Faute de place, on ne peut énumérer tous les sujets originaux contenus dans cet ouvrage dirigé par Esther Benbassa, directrice d’études à l’Ecole Pratique des Hautes Etudes, auteur notamment d’« Etre juif après Gaza ». Citons la partie consacrée à Hébron, la plus grande agglomération de Cisjordanie (180.000 habitants), qui totalise un tiers du PIB palestinien. Julien Salingue n’épargne guère l’Autorité palestinienne (AP). Il rappelle que des dirigeants de l’AP possèdent une exclusivité sur les importations de 26 marchandises.

« C’est ainsi que Nabil Shaath détient le monopole sur les importations d’ordinateurs (il possède lui-même une entreprise de fabrications d’ordinateurs en Egypte) ou que Yasser Abbas, fils de Mahmoud Abbas, co-administre Paltech qui a le monopole, entre autres, sur les importations de téléviseurs.

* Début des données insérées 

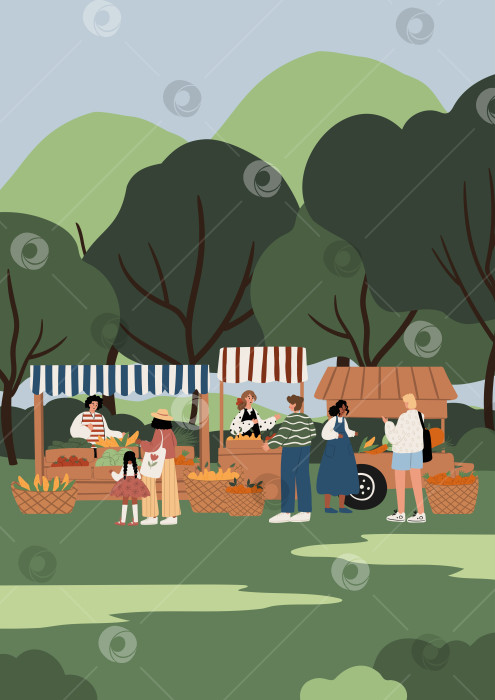 Скачать Иллюстрация мультикультурных людей на летнем фермерском рынке, когда взрослые женщины, мужчины, дети, афроамериканцы и европейцы покупают овощи в киосках в Грин-парке. Плоская векторная иллюстрация. фотосток Ozero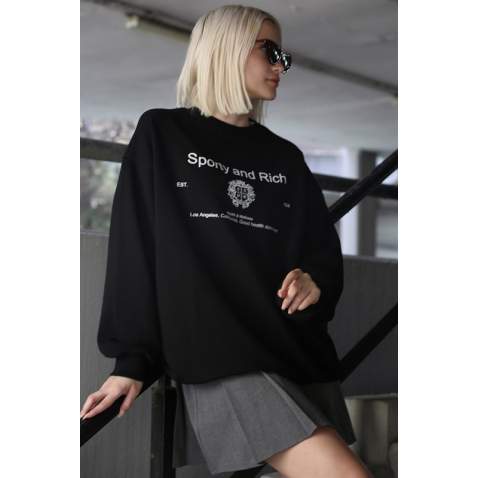 Siyah Bisiklet Yaka Baskılı Oversize Kadın Sweatshirt MG1577 - Siyah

Ces comportements clientélistes ont des conséquences immédiates sur les entreprises d’Hébron », écrit ce doctorant en science politique à l’Université Paris VIII.

La radicalisation du CRIF

Parmi les définitions à retenir, celle d’Israël, présentée par un sociologue de l’Université de Haïfa comme l’archétype d’une « démocratie ethnique ». Un régime qui combine des institutions démocratiques viables avec une domination ethnique institutionnalisée. Une démocratie problématique reste-t-elle malgré tout une démocratie ?

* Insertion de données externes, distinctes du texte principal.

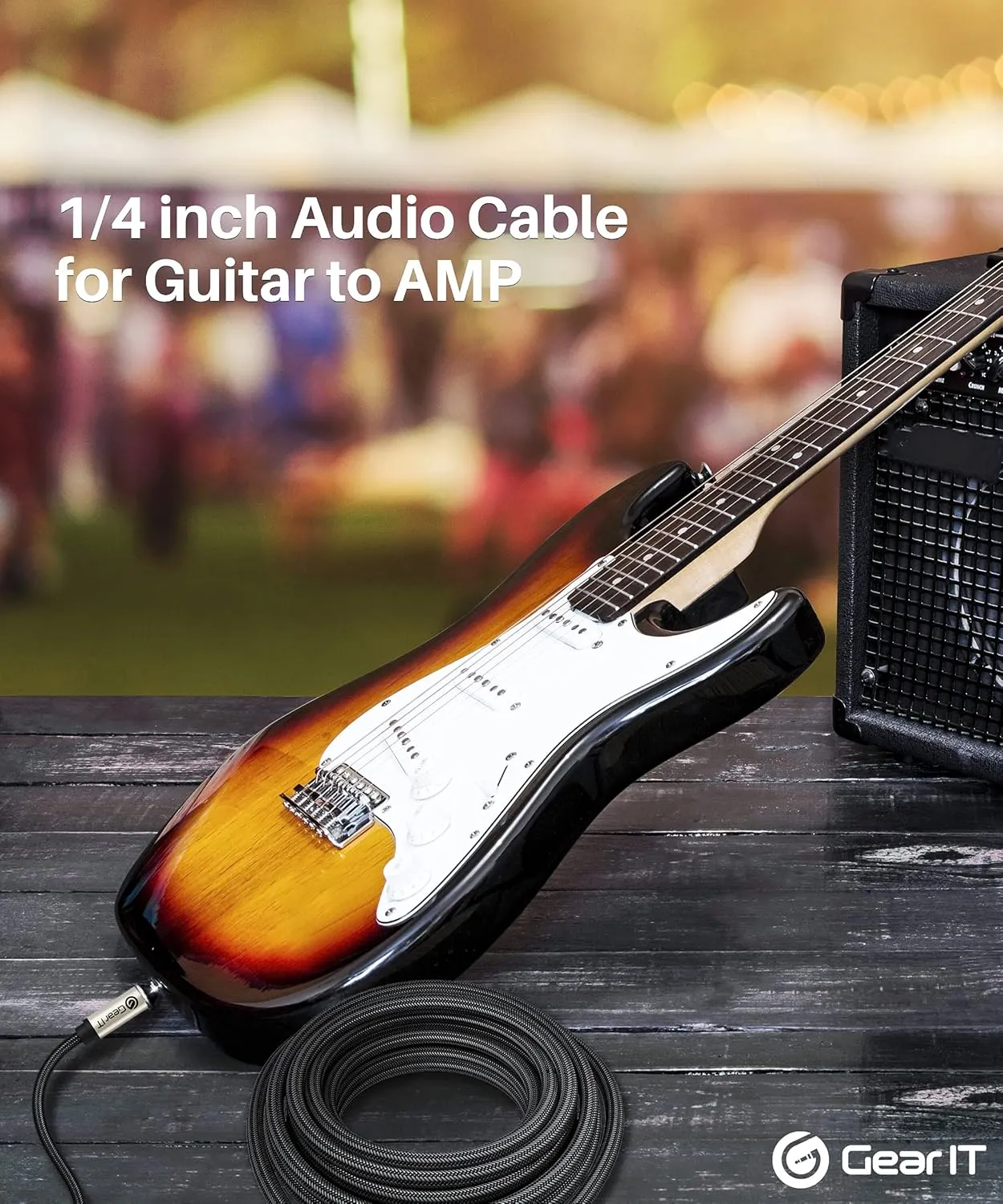 GEARit Guitar Instrument Cable (10ft 2-Pack) 1/4 Inch to 1/4 inch TS Straight Male to Male 6.35mm Mono Jack with Alloy Connector and Nylon Braid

Revenons à la France avec le chapitre intitulé « Les institutions juives face au spectre de l’ “islamisation“ de la cause palestinienne en France », signé par le chercheur Vincent Geisser de l’Institut d’études et de recherches sur le monde arabe et musulman d’Aix-en-Provence. Il constate une radicalisation du CRIF (Conseil représentatif des institutions juives de France), qui a marginalisé le Consistoire et le Rabbinat.

« Ainsi, l’ennemi arabe lointain et imaginaire est progressivement supplanté par l’ennemi intime, qui revêt désormais l’apparence très concrète du jeune Arabo-musulman de banlieue, supposé entretenir des connections plus ou moins étroites avec la mouvance islamo-terroriste radicale incarnée par le Hezbollah libanais ou le Hamas palestinien, voire avec les cellules dormantes d’Al-Qaida », constate Vincent Geisser.

(*) « Israël-Palestine. Les enjeux d’un conflit », sous la direction d’Esther Benbassa, CNRS Editions, 294 pages.